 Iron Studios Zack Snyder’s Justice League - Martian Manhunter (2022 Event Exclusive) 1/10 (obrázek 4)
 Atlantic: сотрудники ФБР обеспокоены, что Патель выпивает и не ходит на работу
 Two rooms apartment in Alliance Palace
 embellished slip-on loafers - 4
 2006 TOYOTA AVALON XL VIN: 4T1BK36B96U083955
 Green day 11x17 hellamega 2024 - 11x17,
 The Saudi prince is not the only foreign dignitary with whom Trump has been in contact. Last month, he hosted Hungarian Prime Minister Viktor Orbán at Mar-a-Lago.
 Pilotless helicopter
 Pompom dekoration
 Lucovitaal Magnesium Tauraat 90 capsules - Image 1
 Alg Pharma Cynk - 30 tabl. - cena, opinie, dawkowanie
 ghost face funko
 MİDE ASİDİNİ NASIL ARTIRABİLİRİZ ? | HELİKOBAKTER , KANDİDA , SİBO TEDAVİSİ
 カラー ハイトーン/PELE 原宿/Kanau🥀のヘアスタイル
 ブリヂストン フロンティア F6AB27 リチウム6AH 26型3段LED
⁂
*Task item*: Your task is to write out every record exactly.

*Task output*:
 Iron Studios Zack Snyder’s Justice League - Martian Manhunter (2022 Event Exclusive) 1/10 (obrázek 4)
 Atlantic: сотрудники ФБР обеспокоены, что Патель выпивает и не ходит на работу
 Two rooms apartment in Alliance Palace
 embellished slip-on loafers - 4
 2006 TOYOTA AVALON XL VIN: 4T1BK36B96U083955
 Green day 11x17 hellamega 2024 - 11x17,
 The Saudi prince is not the only foreign dignitary with whom Trump has been in contact. Last month, he hosted Hungarian Prime Minister Viktor Orbán at Mar-a-Lago.
 Pilotless helicopter
 Pompom dekoration
 Lucovitaal Magnesium Tauraat 90 capsules - Image 1
 Alg Pharma Cynk - 30 tabl. - cena, opinie, dawkowanie
 ghost face funko
 MİDE ASİDİNİ NASIL ARTIRABİLİRİZ ? | HELİKOBAKTER , KANDİDA , SİBO TEDAVİSİ
 カラー ハイトーン/PELE 原宿/Kanau🥀のヘアスタイル
 ブリヂストン フロンティア F6AB27 リチウム6AH 26型3段LED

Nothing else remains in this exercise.